I like the word festivity. It’s a little different from celebration, a lot different from partying. It has a slight antique ring to it, as well it might: references to festival, festal occasions and festivity go back as far as Exodus. Festive refers both to the nature of an occasion and to the collective state of mind such occasions foster–a lovely weave of thanksgiving, celebration—usually of something completed, something survived, something brought to fruition–and hope.

The festivity of Palm Sunday, though, is heavily shaded with irony. On the original occasion, Jesus rode a donkey into Jerusalem hailed by crowds still throbbing with awe at the raising of Lazarus, crowds who wanted Jesus to be their king, who laid their cloaks on the roadway to carpet his path and sang out Hosannahs. But he knew what we know who have read the whole story: the same fickle crowds would in five days be calling for his execution.

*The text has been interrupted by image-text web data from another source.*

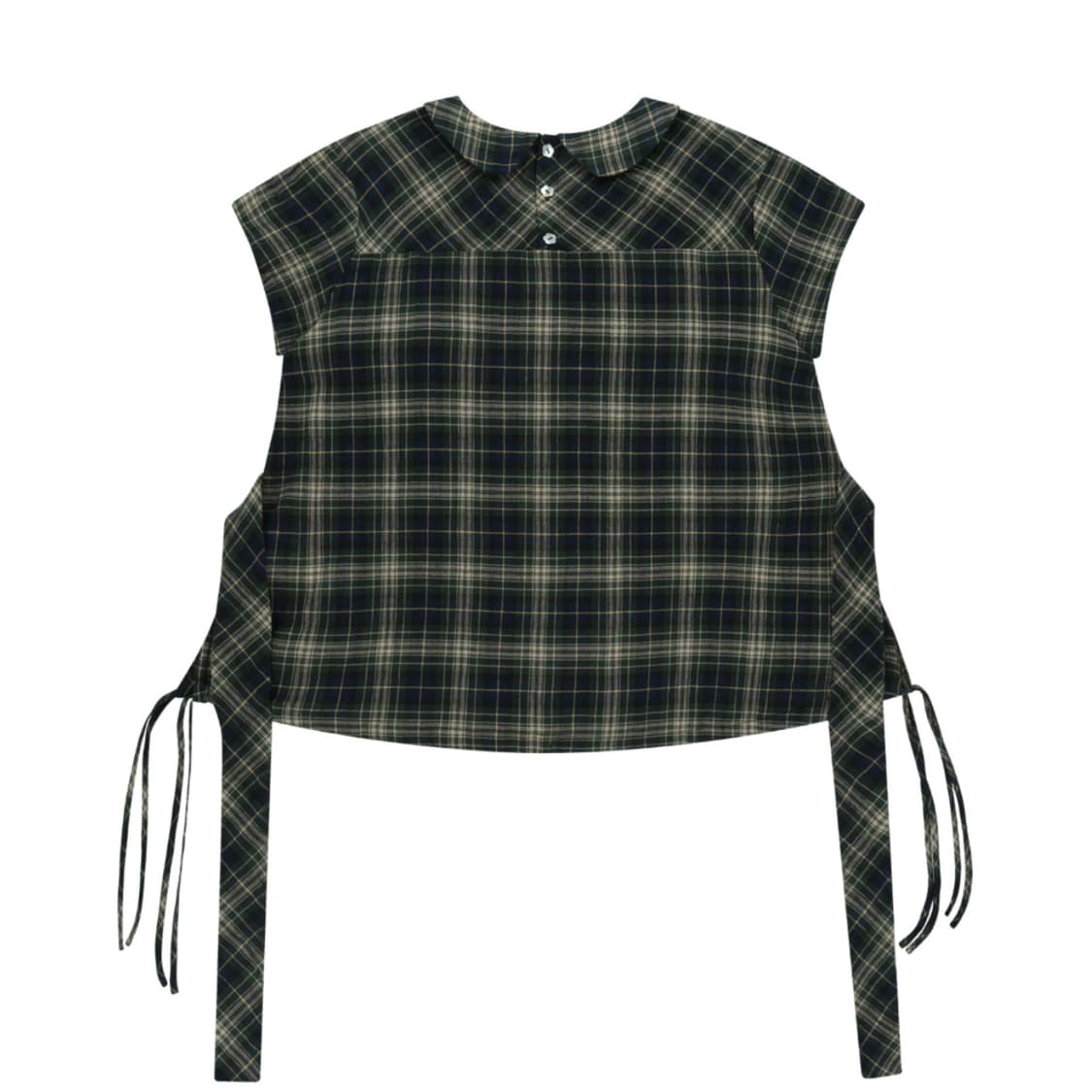 코이세이오 보우 블라우스 체크 상품이미지3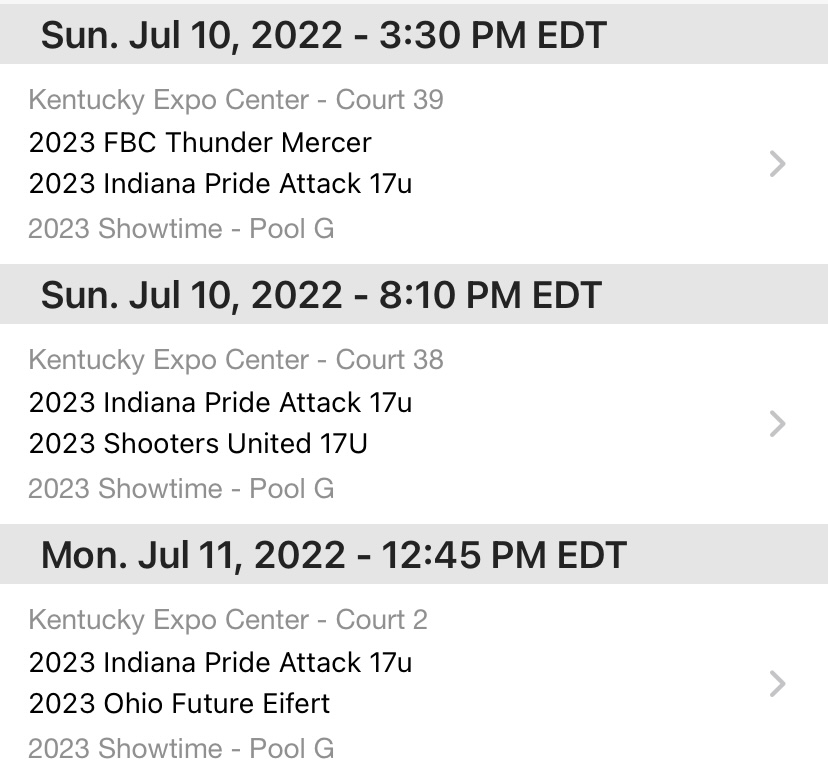 LaneyBaker9's tweet photo. Indiana Pride Attack back at it today playing in the Battle in the Boro! https://t.co/OQFepMhVAV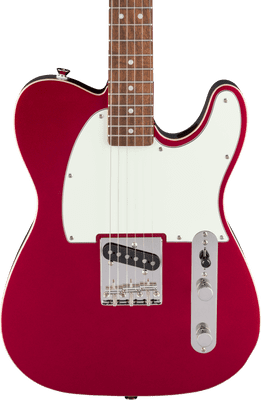 Squier Classic Vibe™ Custom Esquire, Laurel , Parchment Pickguard, Candy Apple Red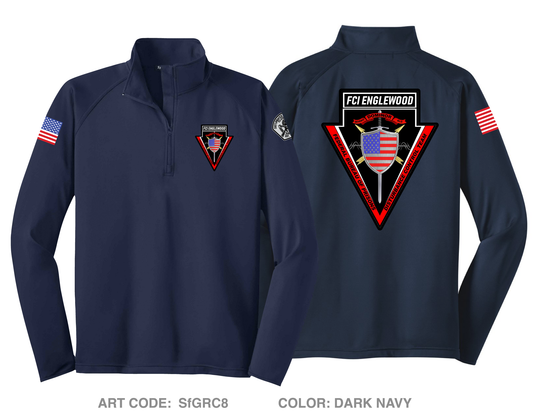 Federal Bureau of Prisons - DCT ENGLEWOOD DTF Performance Quarter-Zip Fleece Jacket - SfGRC8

But then, the irony of that execution would be that it made way for resurrection.

This is a recurrent pattern in all human stories, as in the biblical story: hope crests, is dashed, and rises again, chastened, tested, taught, more complex, more mature, wider in its vision. “I said to my soul . . . wait without hope,” Eliot writes, “for hope would be hope for the wrong thing.” Like hoping for political solutions in a way that obscures what is happening at a spiritual, cosmic level. Politics matter, but the political narrative, disengaged from a deeper understanding of our planetary journey, is thin and inadequate.

I was touched yesterday to hear in a sermon the priest’s own story about awakening into a new awareness that he described as “falling in love” with God on a Palm Sunday 40 years ago. It was the festivity of the occasion that opened his heart—people waving palms, singing and processing, enacting an ancient ritual together, stepping into the story that unfolds over the course of Holy Week with remarkable immediacy. Ritual time is not historical; it obliterates at least briefly the distance between then and now, gathering all participants into one epiphanic moment where what has been revealed is revealed, new again. The priest who told the story of his own summoning on that day recalled how tears came, how at the time he was not a person given to much emotion—certainly not in public. He “found himself” weeping. And changed.

That’s another term I like: I found myself. We all, I imagine, have that experience of “finding ourselves” doing something uncharacteristic, odd, unexpected, even unsettling. Something in us moves, is moved, and we have to catch up with it. The self doing the catching up is the ego self, the conscious self. I find it reassuring to know that there is a deeper self that is more susceptible to the nudges and subtle direction of the Spirit, not stopped by fears or inhibitions, open and childlike and freer than the “I” who censors and calculates.

I think, as in the priest’s story, truly festive occasions may achieve their purpose when we “find ourselves” in them. We relocate our own stories in a larger story. Gathered, we suddenly see one another as members, fellow travelers, people sent on journeys, people found and loved, people given to one another as companions on those journeys. “Here,” the Spirit seems to say, “enjoy one another. Enjoy the moment, even when you know darker days are coming, lest you forget the “chief end of man,” which, as the Westminster Catechism puts it, is “to glorify God and to enjoy him forever.”